Other than that, everything's good in Mongolia! A week or so ago, I bought a sweet North Face jacket for the winter. It's huge and it's got like double layer gore-tex. It wa only 35 dollars :) Find out how much that sells for in AMerica, I'm curious. Anyways, I love the work and the language is still coming along fantastic. I love you all!

~Elder James Cappuccio

Mt orevius letter to James:

Dear James,

We had a great time in California, the weather was nice, well under 100 ! I went scuba diving at la Jolla Cove. It was fun but the visibility was not so good. Then later we took the kids snorkeling at the same place and saw lots of cool fish. Anyway, I just read an article in the Ensign that reminded me of your experience with speaking the language with the help of the Holy Ghost. I just copied and pasted the the first story in the article:

Speaking Words I Didn’t Understand

Unmistakable spiritual promptings attended me as a new missionary in Fitiuta, Manua, American Samoa, when I had to conduct a sacrament meeting in a room filled with curious villagers not of our faith.

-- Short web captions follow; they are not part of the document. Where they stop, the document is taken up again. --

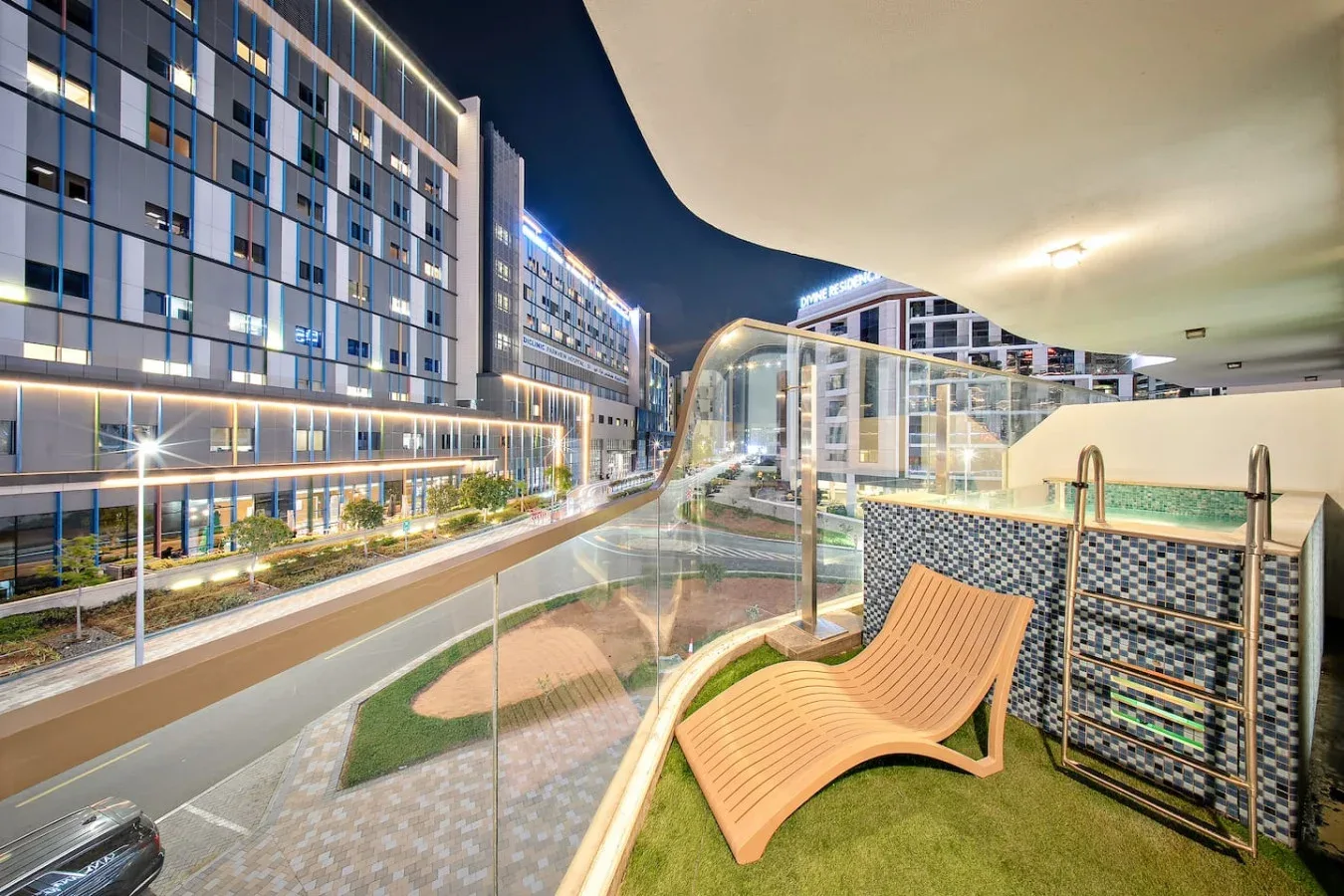 A rooftop terrace with curved lounge seating and a glass railing overlooks illuminated buildings.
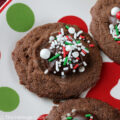 Small cookie cups filled with mint chocolate ganache and topped with festive holiday sprinkles; Hot Chocolate Mint Thumbprint Cookies © 2022 Jane Bonacci, The Heritage Cook.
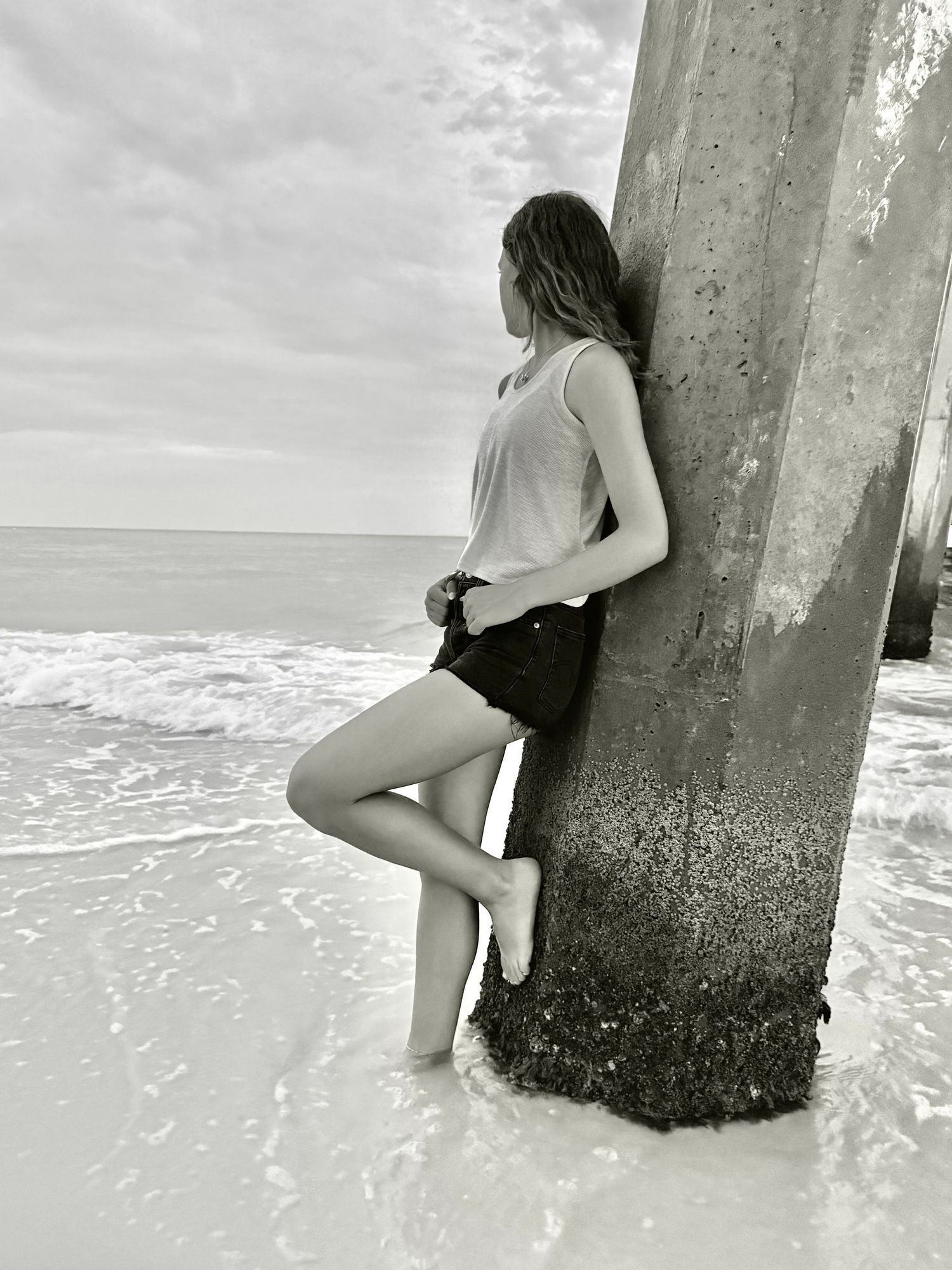 Young girl leaning against a pier in the ocean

Aviu, the only Samoan priesthood holder in the village, was bedridden with an illness and couldn’t conduct the meeting. I fasted and prayed fervently, deeply concerned because I could not understand the Samoan language well enough to converse with the people.

When Sunday came, my companion and I blessed the sacrament in English and passed it. I then stood and looked at the congregation. I knew what I wanted to communicate. I tried to open with traditional, polite greetings in Samoan, but the words didn’t come out right. I stopped and closed my eyes, feeling I’d have to speak in English. As I began speaking again, I had a sensation that my mouth was several inches in front of me, speaking in Samoan. The animated expressions on the faces in the congregation showed they understood my words. After the meeting my companion told me that our Church members said they were happy to hear my talk and that I was speaking perfect Samoan. I acknowledged the gift in my prayers that night. As the following Sunday approached, Aviu was still unable to leave his sickbed. I again fasted and prayed and had the same experience as the previous Sunday. I was humbled, recognizing again the feeling of being a tool in the Lord’s hands. The third Sunday approached with Aviu still sick. This time I felt confident the Spirit would prompt me. I wasn’t anxious. I didn’t fast or pray with the same urgency as before. I felt proud to have received the gift of tongues. But this time I failed. The congregation was puzzled when I couldn’t speak Samoan clearly. Pride stopped me from being receptive to the Spirit that time. This experience helped me learn that promptings will come to me only if I pray humbly and rely on the Spirit.

I don't think you need to worry about anyone thinking you are a wimp for being emotional about feeling the spirit, you'll find it happens quite a bit, it's a sign of humility not wimpiness. I think it is very cool about your baptisms and the chance you got to give the Holy Ghost.

Sometimes you have to have hard times to be humble and appreciate the good times better. Life definitely is a roller coaster, ups and downs and unexpected curves that seem to try to throw you off the track.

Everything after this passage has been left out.